Никто из соседей не помнил, какое слово и кому из вотяков обидным показалось. У нас така речь, у их друга, иной раз вовсё ничё ни к чему пообидятся, озлятся. Может, кто чё и сказанул: Вотяш, чё хромаш – глаз болит? – дак мы и про себя чё только не сказывам, и чё, разе кто на воротах повесился, как етот вотяк? И кода успел, ворота сроду поло не дярживали… Ворота пришлось срубить, четвёро мужиков перкладину вместе с болтающимся на ней худеньким вотяцким мужичком уволокли к его деревне и поставили возле.
Тронулись в Слободу. Мельник поехал вместе с ними, говорит, зайдем тут по делам в Караулы. По дороге заехали в татарскую деревню Караулы. И хоть бы тебе чего, выбежали татарские мужики, одетые, как наши, только рожи татарские. Вытащили тюки чего-то, набросали на телегу, рядном закрыли. Мельник ушел в юрту, стоящую рядом с избой. Тунь не снисходил до разговоров со своим никудышным помощником.
Эльдэнэ недоумевал: что такое могли давать русским татары? Везде и всюду на русских землях они только брали. Уж он приглядывался-приглядывался – ничего понять невозможно. Похоже на сапоги из кошмы, татарские сапоги. Так стопой и сложены. Но где подошва видна – огромадная подошва-то, на кого та кие сапоги ладят? Накидали еще в рогожном куле солонины – ободранные туши бараньи. Мельник вышел из юрты, никто из татар его не схватил, никто кланяться не заставлял. Татарове ему до подмышки. Зашел поговорить, поговорил и вышел. Татарчонок привел за рога упирающегося барана. Накинул мельник барану веревку на рога и пошел себе обратно, наказав Туню на телегу не садиться, а идти рядом. Ноги-те не сомнешь!

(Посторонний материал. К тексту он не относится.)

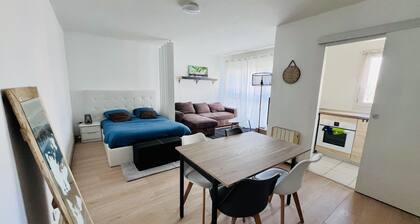 Charmant studio : Proche Paris et Disneyland !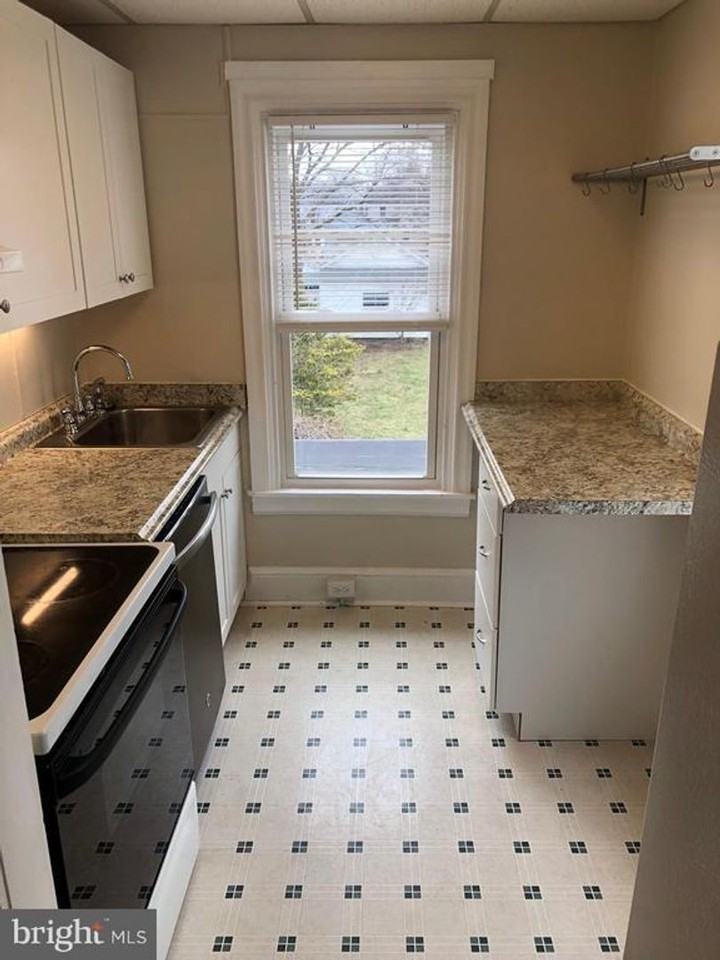 116 E Locust St #2ndFL - Photo 6 of 12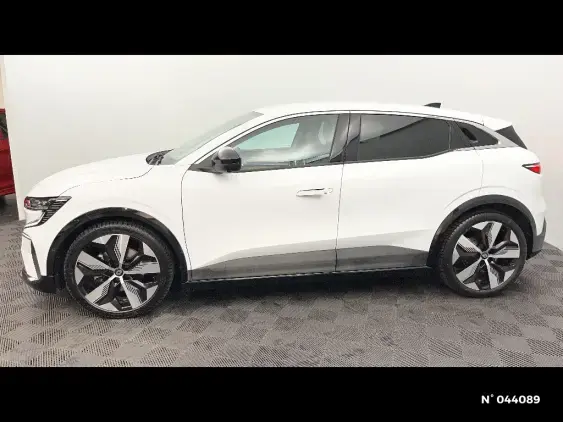 RENAULT MEGANE V - voiture d'occasion - Photo 2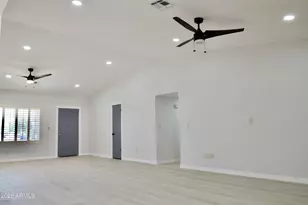 16801 N 45th Pl, Phoenix, AZ 85032 - Photo 9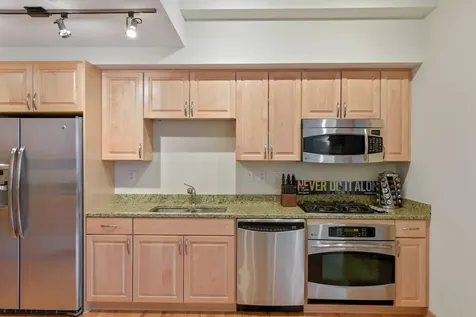 215 10th Avenue S Minneapolis MN 55415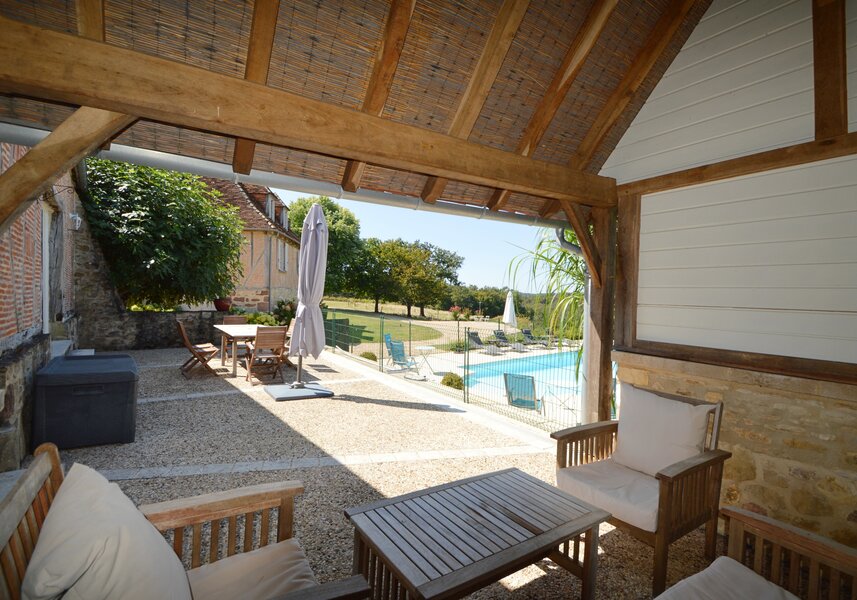 Holiday villa in Dordogne with pool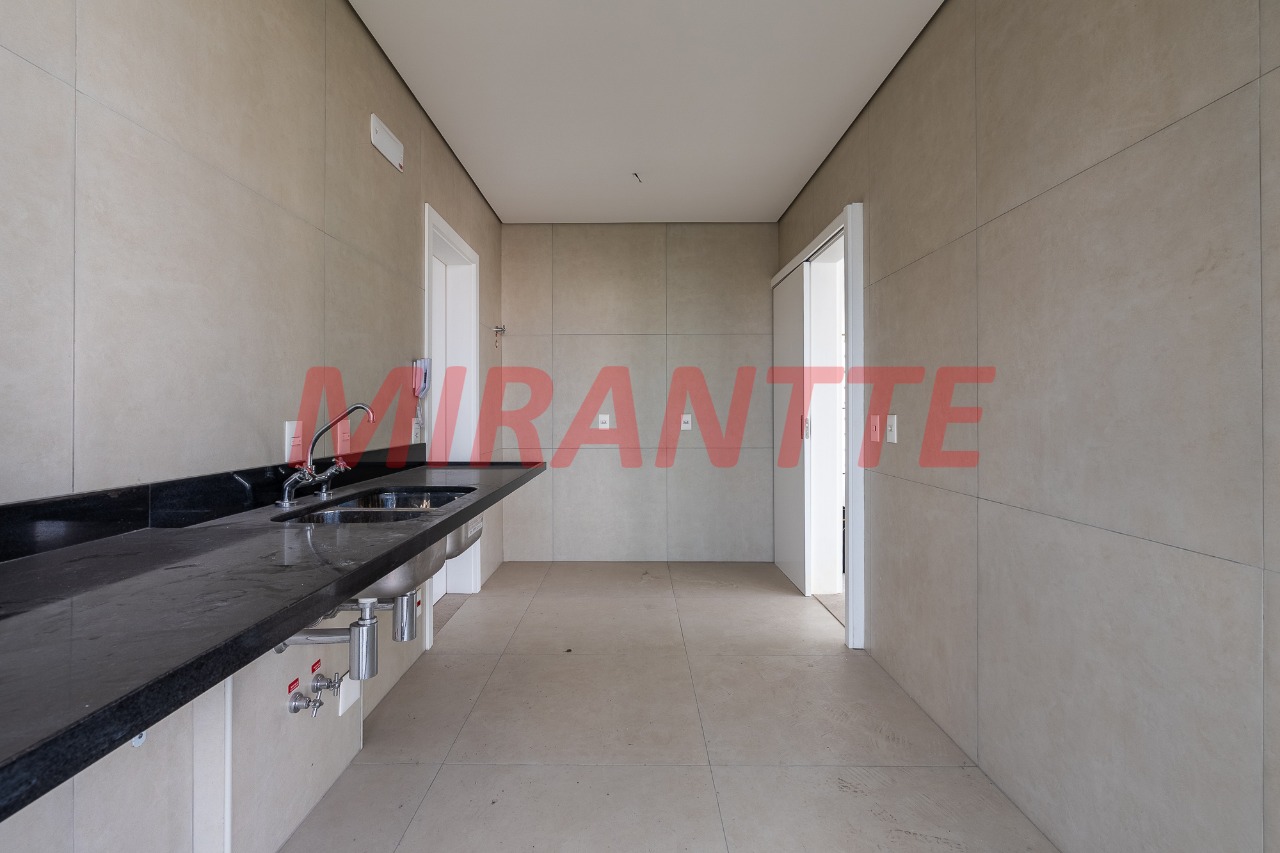 Apartamento de 231m² com 3 quartos em Vila Olimpia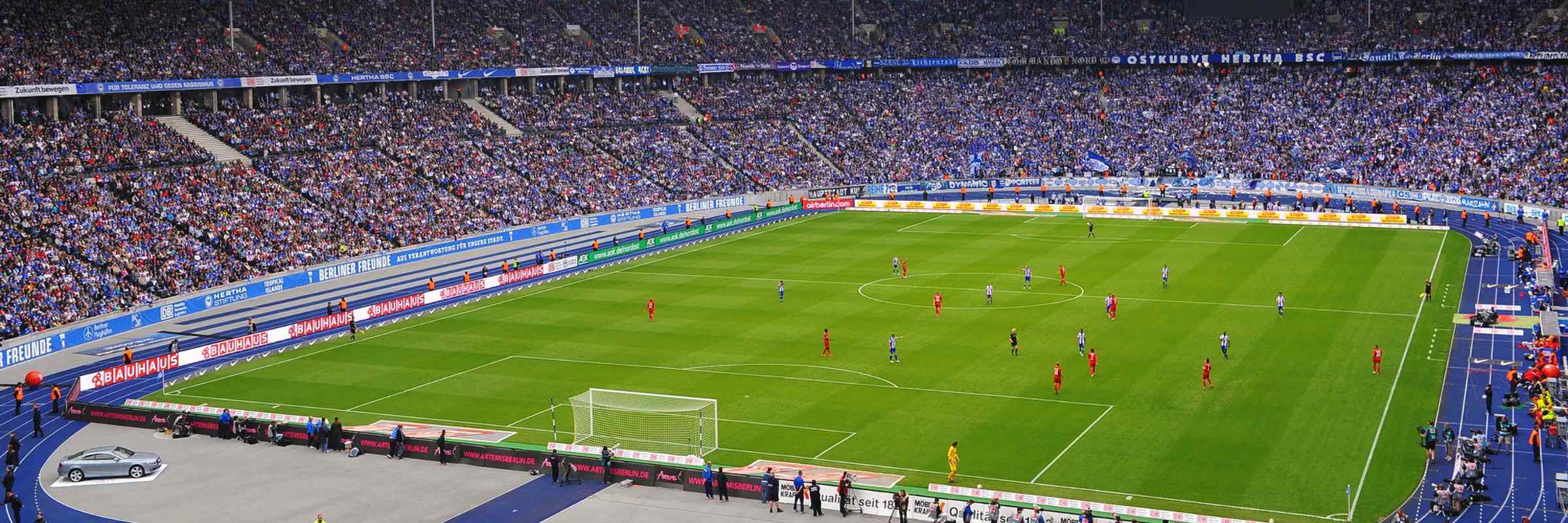 Olympiastadion BerlinBlue background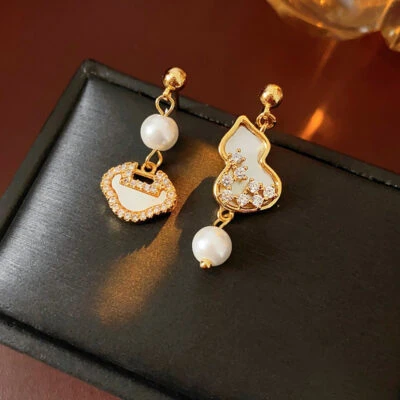 Women Exquisite Earrings Peace Lock Niche Pearl Ear Accessories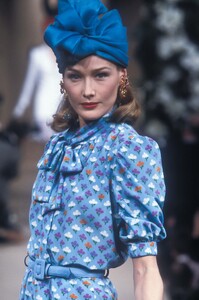 Yves Saint Laurent 1996 Haute Couture 4.jpg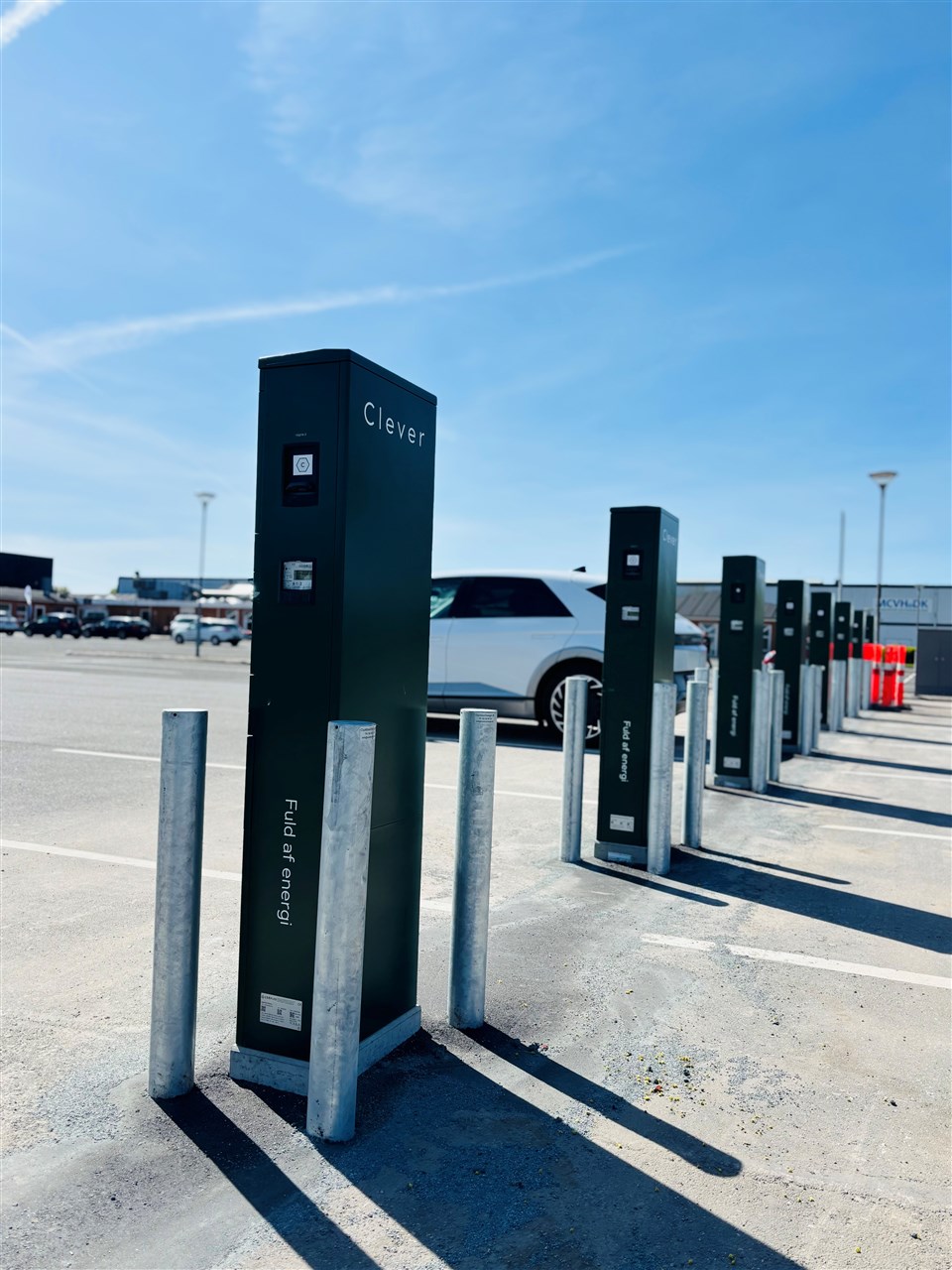 NYHED - 18 stk. helt nye Clever-ladepunkter på parkeringspladsen ved Messecenter Vesthimmerland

Два дни так и шли. Дорога торная везде, мостки излажены крепкие. Деревни попадаются справные, нищих не видать. Все по-над прудом стоит деревня. Под северным угором. Дома большие, с хозяйством. Поля – где уж озими всходят, где репа зеленеет, после ржи посеяна. Два урожая, видно, снимут! И нигде никакого княжеского указчика, ни усадьбы господской. Невиданная удивительная земля…
А вот пошли посады Слободы. Татарскую кошму велено было Эльдэнэ оттащить в сарай, мужичок товар принял, сразу же развязал и крикнул помощника. Тунь коротко переговорил с мужичком, тот кивнул. Так Тунь отделался от Эльдэнэ и сделал это с видимым облегчением. Он и не подумал как-либо его известить о дальнейшей участи. Взял вожжи в руки и неторопливо пошел за телегой.
Легкого хлеба Эльдэнэ у нового хозяина не заработал. По целым дням пришлось одну за другой топить печи. В те громадные мягкие сапоги из кошмы, которые привезли от татарина, нужно было засунуть деревянные колодки, загнуть голенища, потом в горячей воде намочить да намять и поставить в жаркую печь. Как печь остынет, доставай, колодку вынимай, ставь рядком. Кошма сселась, стал сапог твердый, зовется – валенец! Самые мягкие, тонкие валенцы называются чесанцы. Их-то и предпочитали татары. Они сами делали войлочную основу из мягкой шерсти ягнят, а уж допаривали в печках – русские. Татары этому так и не научились. Эльдэнэ дивился вятской придумке, теплой, прочной и удобной. Но не для того он сюда пришел, чтобы по целым дням гнуть спину у проклятущих печей.